→ DATA RECORDS:
☆ ☆ ☆ ☆

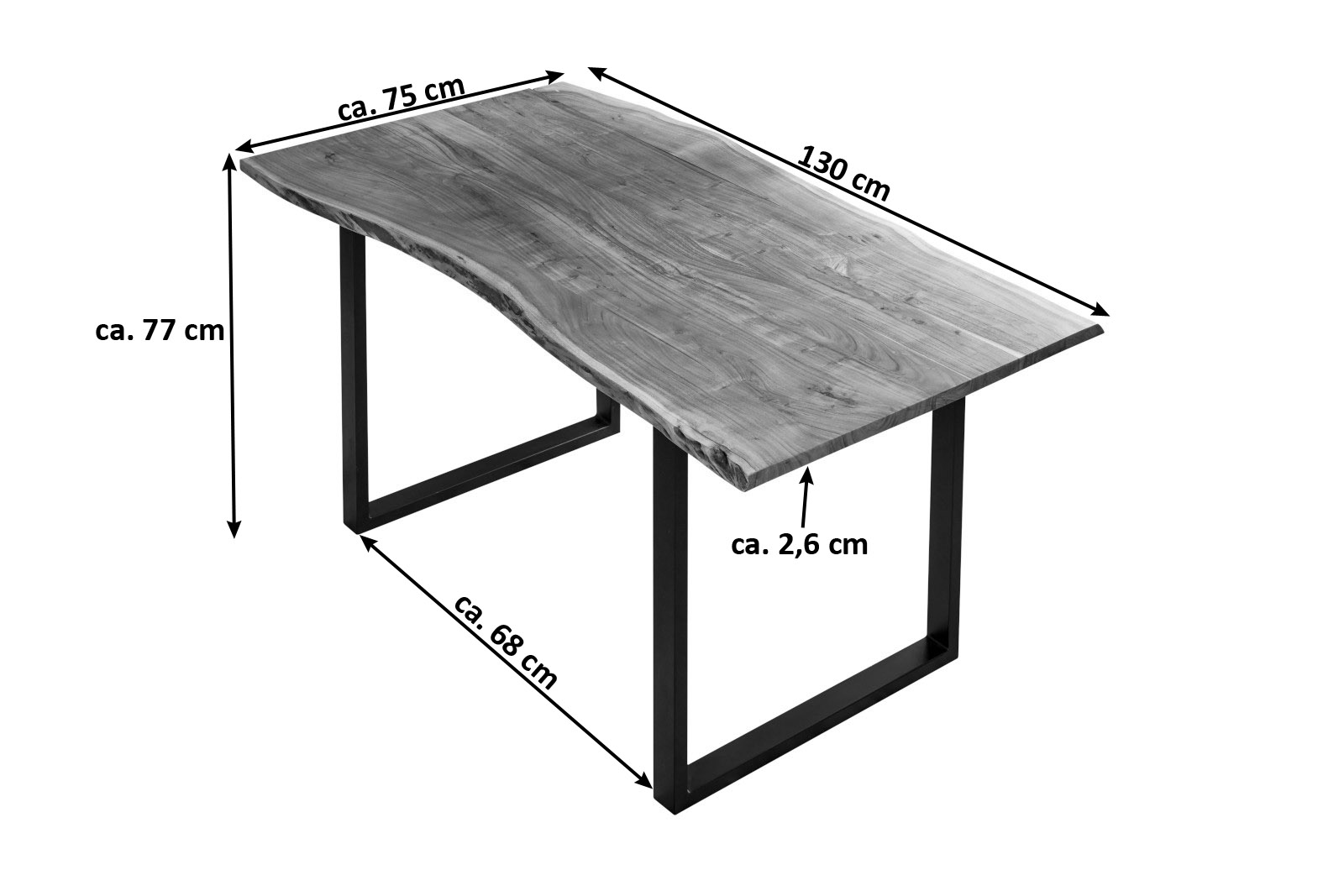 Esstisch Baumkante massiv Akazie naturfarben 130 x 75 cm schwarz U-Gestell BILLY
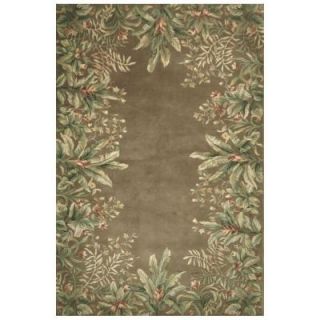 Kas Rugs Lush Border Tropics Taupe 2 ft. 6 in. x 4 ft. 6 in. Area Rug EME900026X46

☆ ☆ ☆ ☆

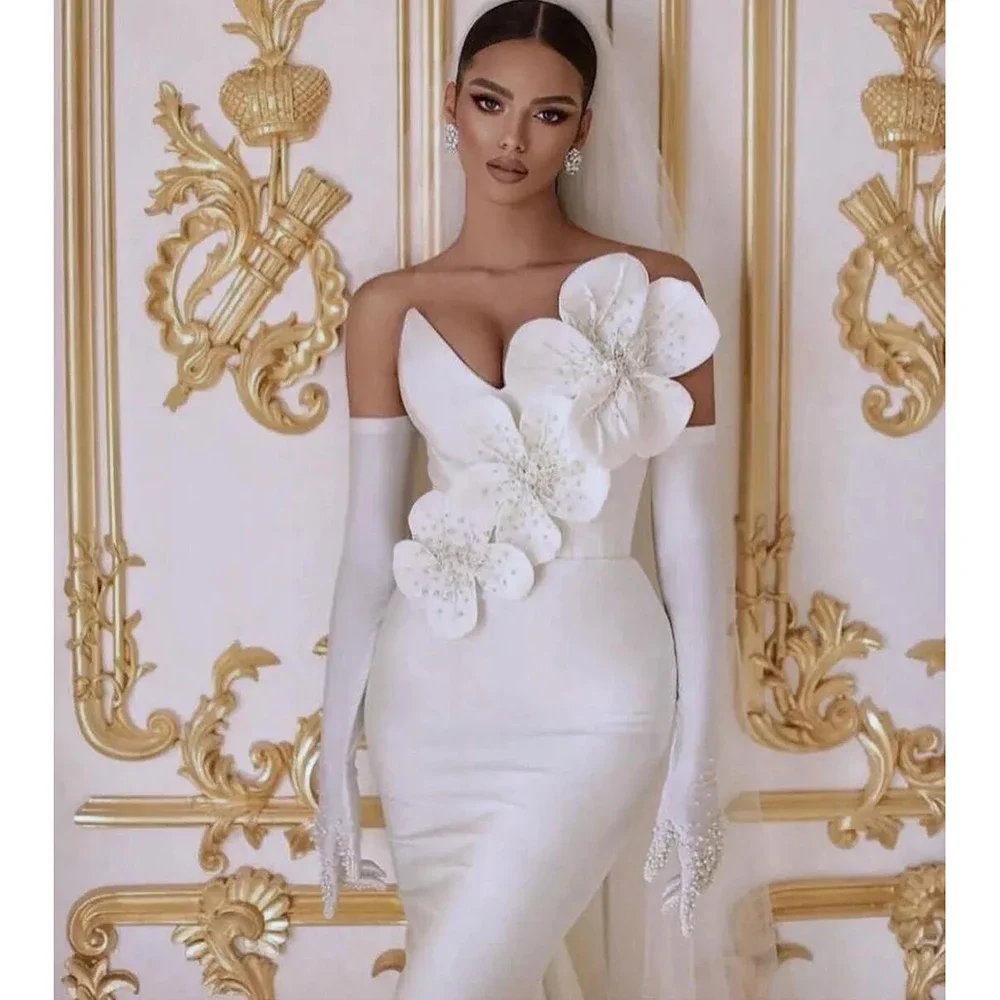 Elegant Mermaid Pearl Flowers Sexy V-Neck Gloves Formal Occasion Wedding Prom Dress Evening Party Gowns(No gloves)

☆ ☆ ☆ ☆

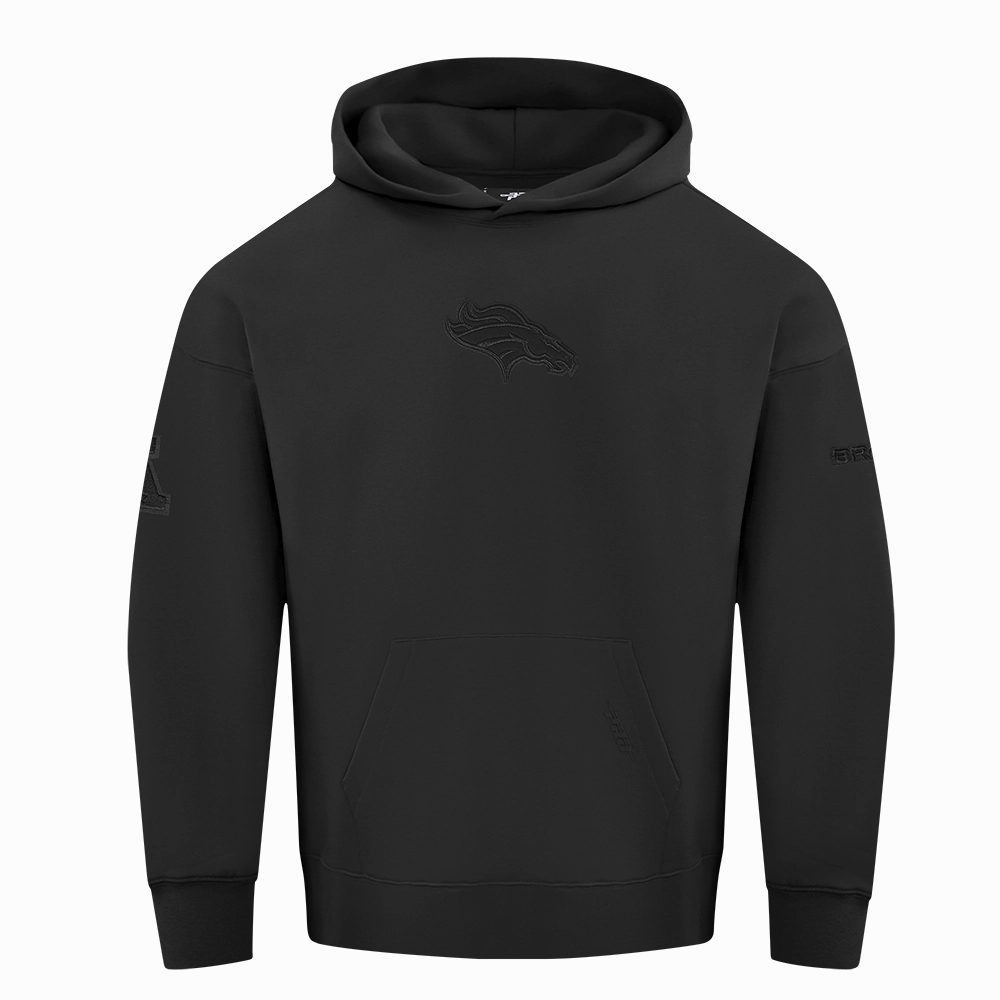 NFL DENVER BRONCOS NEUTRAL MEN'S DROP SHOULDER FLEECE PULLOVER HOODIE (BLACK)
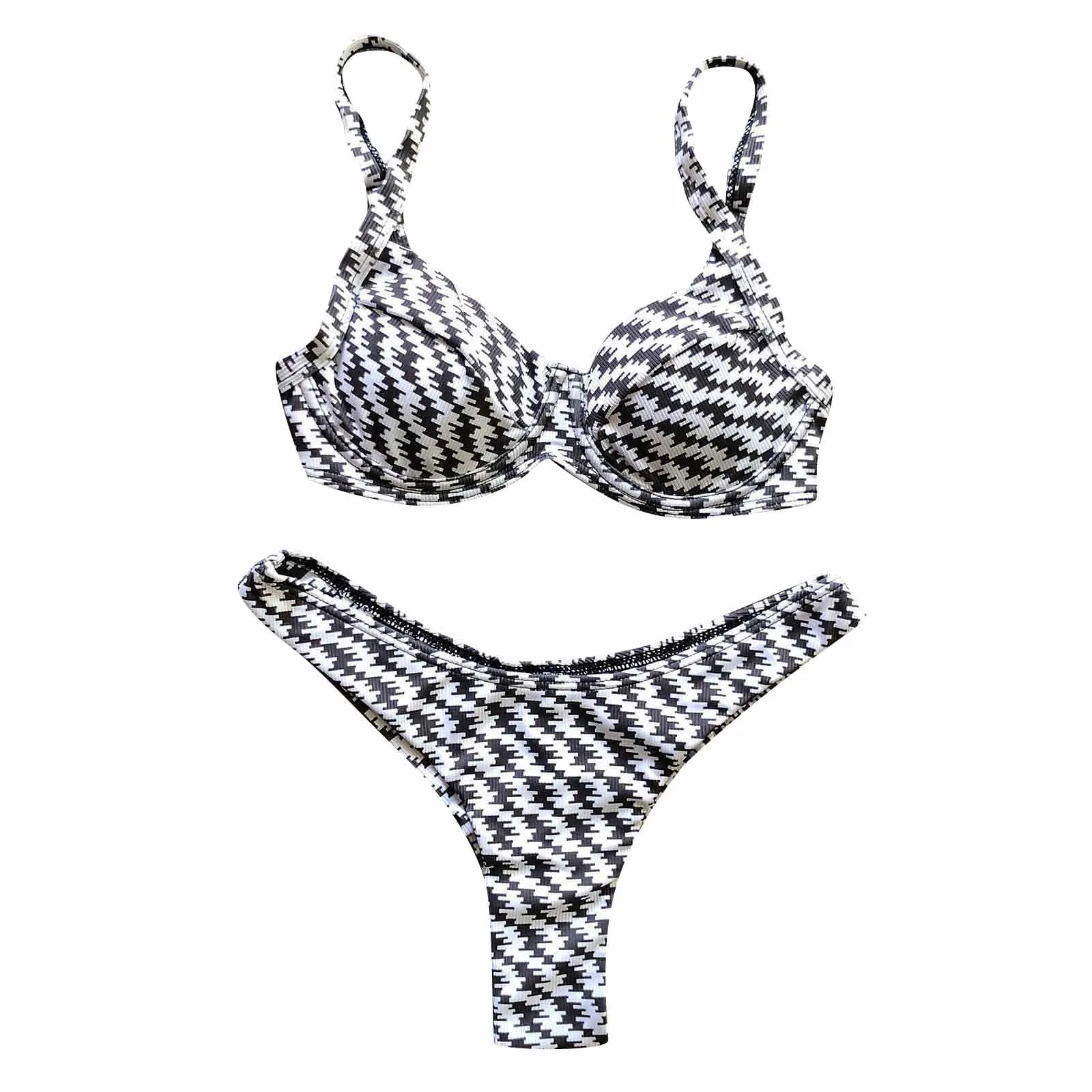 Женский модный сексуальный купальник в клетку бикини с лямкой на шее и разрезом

☆ ☆ ☆ ☆

A verbatim reproduction is expected: starting at the line above that has "Esstisch Baumkante massiv", ending at the line that has "Kas Rugs Lush", both included, and with no pictures and no other lines.

 Esstisch Baumkante massiv Akazie naturfarben 130 x 75 cm schwarz U-Gestell BILLY
 Kas Rugs Lush Border Tropics Taupe 2 ft. 6 in. x 4 ft. 6 in. Area Rug EME900026X46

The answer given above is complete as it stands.